DELAG: The World’s First Airline
DELAG brochure
DELAG brochure
The world’s first passenger airline, DELAG (Deutsche Luftschiffahrts-Aktiengesellschaft, or German Airship Transportation Corporation Ltd) was established on November 16, 1909, as an offshoot of the Zeppelin Company. The company provided passenger air service until 1935, when its operations were taken over by the newly-formed Deutsche Zeppelin-Reederei.
While many of the early flights were sightseeing tours, the DELAG airship Bodensee began scheduled service between Berlin and southern Germany in 1919. The flight from Berlin to Friedrichshafen took 4-9 hours, compared to 18-24 hours by rail. Bodensee made 103 flights and carried almost 2,500 passengers, 11,000 lbs of mail, and 6,600 lbs of cargo.
DELAG offered the world’s first transatlantic passenger airline service, using LZ-127 Graf Zeppelin to make regular, scheduled flights between Germany and South America beginning in 1931. Graf Zeppelin crossed the South Atlantic 136 times before being retired after the Hindenburg disaster in 1937.
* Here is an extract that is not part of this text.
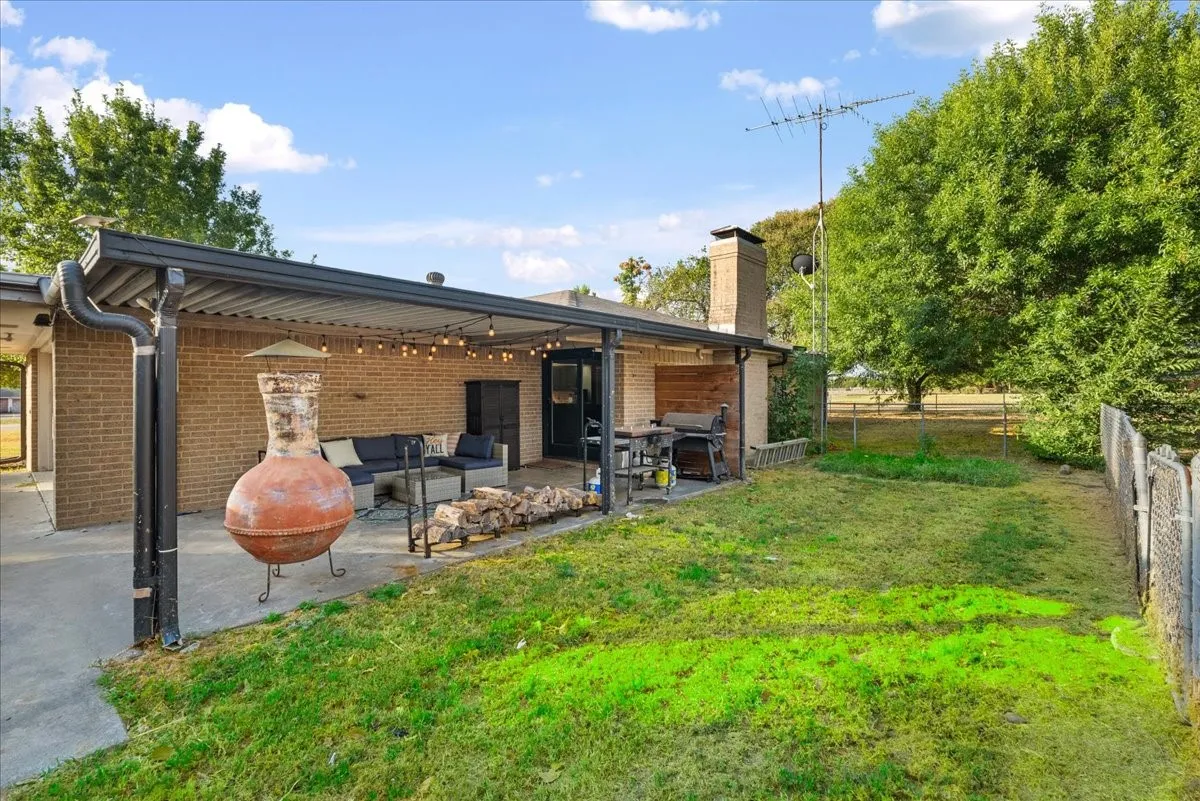 Expansive backyard featuring a covered patio, brick exterior, and a prominent chimney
DELAG also employed the world’s first flight attendant, Heinrich Kubis.
The Origins of DELAG
DELAG’s goal was to commercialize zeppelin travel by providing passenger air service, and to purchase airships built by the Zeppelin Company at a time when support by the military was still uncertain. DELAG was created under the leadership of Zeppelin Company executive Alfred Colsman, who was was married to the daughter of aluminum manufacturer Carl Berg, who supplied aluminum for Count Zeppelin’s airships.